Get to Know Apache HBase from Scratch!

Shikha 09 Jun, 2022
11 min read

This article was published as a part of the Data Science Blogathon.

Introduction on Apache HBase 

With the constant increment of structured data, it is getting difficult to efficiently store and process the petabytes of data. Apache HBase is a column-oriented, open-source NoSQL database, part of the Big data technology stack. To provide a massive amount of storage and accountable processing, it utilizes the Hadoop distributed files system (HDFS). Being a highly scalable database in the Hadoop cluster increases the efficiency of structured data. HBase is Hadoop’s most reliable database option while implementing the business domains such as web and Internet, sports, e-commerce, healthcare, Bank, and insurance for data analytics.

Some MNCs like Facebook, Twitter, Netflix, Yahoo, Adobe, and Pinterest utilize it to process high-volume data running up to 10 million tasks every second.

What is Apache HBase?

Apache HBase – Apache HBase™ Home

HBase is a data model modeled after Google’s Bigtable, a distributed database management system for structured data. HBase is a distributed open-source system developed by the Apache Foundation and written in Java. HBase is a necessary element of our Big Data’s Hadoop ecosystem and runs on top of HDFS (Hadoop Distributed File System). HBase is quite similar to Bigtable; Bigtable acted upon Google’s file system, and similarly, Hbase acted upon the HDFS. HBase is aimed to host huge tables with billions of columns and rows on top of clusters of commodity hardware and stores massive amounts of data from terabytes to petabytes. The popularity of HBase can be judged by the decision of Facebook to shift from Apache Cassandra to HBase in November 2010. HBase fulfilled Facebook’s requirements of building a highly robust and scalable infrastructure that can handle a variety of services like messages, chats, and email in a real-time conversation.

 Apache HBase Features

Basics of HBase | Edureka.co

Below are the significant features of HBase that fabricate it into one of the most useful databases for the present as well as the future industries:

  • Real-time, random ample data access: The internal data storage architecture used by HBase is Log-Structured Merge-tree (LSM-tree), which reduces the disk seeks by merging tiny files to the bigger files recurrently.

  • HDFS/Hadoop integration: HBase is highly capable of running on top of various other file systems, but HDFS is the best choice. The reason is that HDFS provides data distribution and high accessibility with the help of distributed Hadoop.
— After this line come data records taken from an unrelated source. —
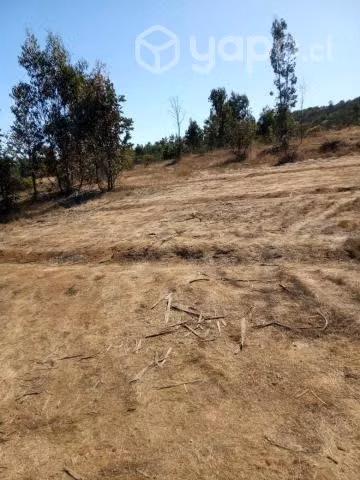 Vendo terreno en pumanque 5000m2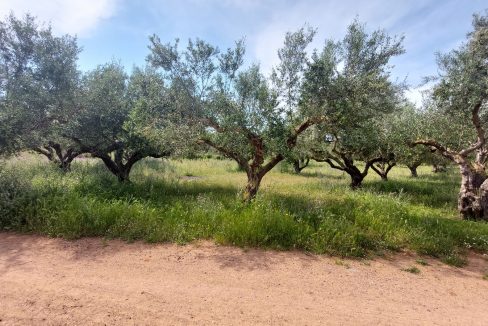 oikopedo.agrotemachio.messini05 [messini-poleitai-agrotemachio-inrealestate]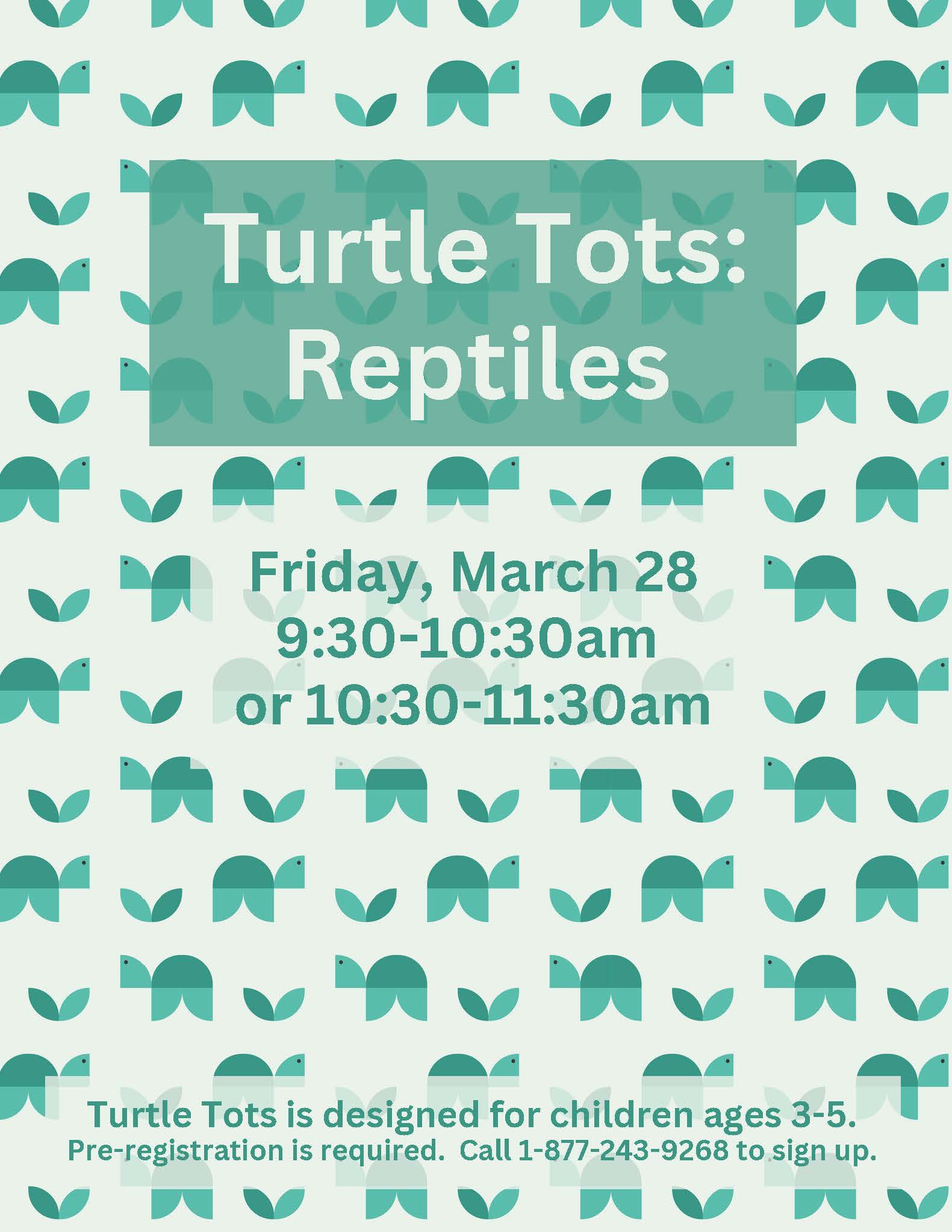 turtle-tots-reptiles.jpg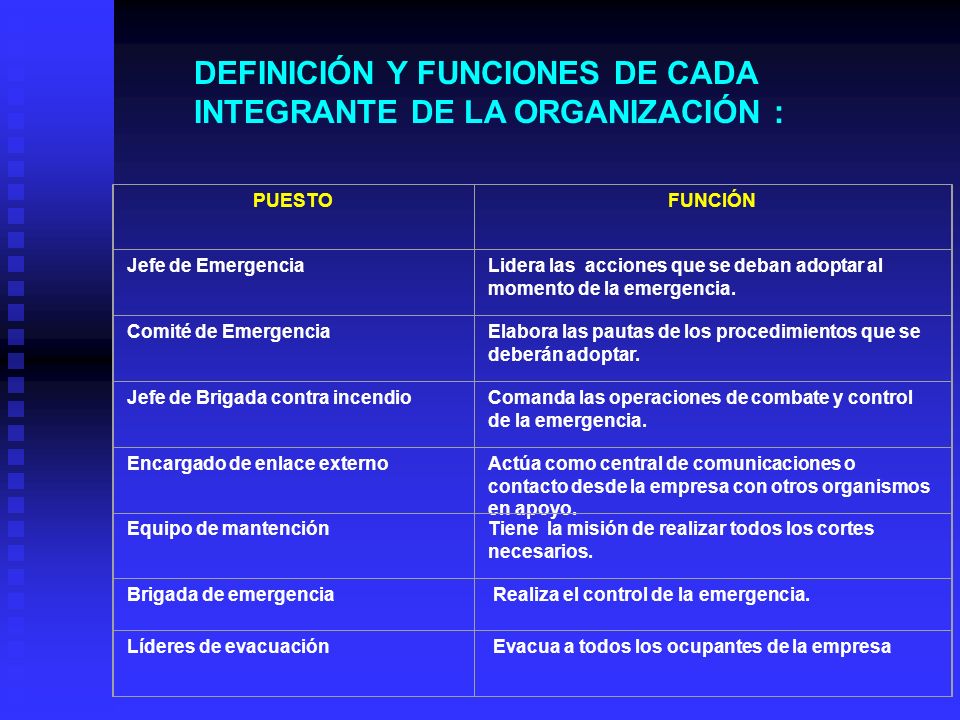 DEFINICIÓN Y FUNCIONES DE CADA INTEGRANTE DE LA ORGANIZACIÓN :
  • Automatic failover support and load sharing: HDFS is internally distributed and automatically recovered by using the multiple block allocation and replications, and as we know, HBase runs on the top of the HDFS, so HBase is retrieved automatically. With the help of HBase and RegionServer replication, the failover is also facilitated.

  • MapReduce: A built-in support of the Hadoop MapReduce framework is offered by HBase, which provides fast and parallel processing of stored data in HBase.

  • Automatic sharding: HBase table is composed of various regions handled by RegionServers. On different DataNodes, these regions are distributed throughout the RegionServers. Now, in order to reduce I/O time and overhead, HBase caters to the automatic and manual splitting of these multiple regions into smaller subregions once it reaches a threshold size.

  • Java API for client access: HBase offers easy development and programmatic access as it has solid Java API support (client/server).

  • Thrift gateway and RESTful web service: For non-Java front-ends, HBase not only supports Thrift and RESTful gateways but also web service gateways to enable accessing and working with HBase.

  • Distributed storage: HBase supports distributed storage as it works when used with HDFS. It establishes coordination with Hadoop and supports the distribution of tables, high availability, and consistency.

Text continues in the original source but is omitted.